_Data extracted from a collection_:
┄┄┄┄┄┄┄┄┄┄

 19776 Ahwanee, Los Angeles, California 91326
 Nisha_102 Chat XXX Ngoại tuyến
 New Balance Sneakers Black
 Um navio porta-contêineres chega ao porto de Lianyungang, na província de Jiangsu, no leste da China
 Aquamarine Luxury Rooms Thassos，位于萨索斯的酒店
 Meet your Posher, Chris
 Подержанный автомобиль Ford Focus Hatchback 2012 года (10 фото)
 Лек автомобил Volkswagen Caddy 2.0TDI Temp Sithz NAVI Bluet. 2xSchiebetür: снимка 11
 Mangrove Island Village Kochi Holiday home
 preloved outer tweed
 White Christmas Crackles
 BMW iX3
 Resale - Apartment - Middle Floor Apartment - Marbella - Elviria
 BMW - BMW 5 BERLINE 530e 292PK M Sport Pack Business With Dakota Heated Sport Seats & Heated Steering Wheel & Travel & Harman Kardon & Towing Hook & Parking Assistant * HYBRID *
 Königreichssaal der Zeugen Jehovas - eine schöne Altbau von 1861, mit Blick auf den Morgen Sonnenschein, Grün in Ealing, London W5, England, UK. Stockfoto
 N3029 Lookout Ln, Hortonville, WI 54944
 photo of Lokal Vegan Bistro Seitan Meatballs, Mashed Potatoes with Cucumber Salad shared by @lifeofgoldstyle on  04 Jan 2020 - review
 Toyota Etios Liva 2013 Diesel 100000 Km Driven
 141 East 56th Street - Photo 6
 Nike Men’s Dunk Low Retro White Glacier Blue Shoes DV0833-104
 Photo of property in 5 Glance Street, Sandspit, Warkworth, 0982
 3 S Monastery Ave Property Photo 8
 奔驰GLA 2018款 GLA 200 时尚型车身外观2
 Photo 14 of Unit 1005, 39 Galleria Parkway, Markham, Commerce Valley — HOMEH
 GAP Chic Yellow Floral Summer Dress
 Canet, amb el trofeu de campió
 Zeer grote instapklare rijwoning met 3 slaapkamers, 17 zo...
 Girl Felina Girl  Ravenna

┄┄┄┄┄┄┄┄┄┄

_Instructions for the task_:
Write out every line of the data that holds the word "Street".

_Result_:
 141 East 56th Street - Photo 6
 Photo of property in 5 Glance Street, Sandspit, Warkworth, 0982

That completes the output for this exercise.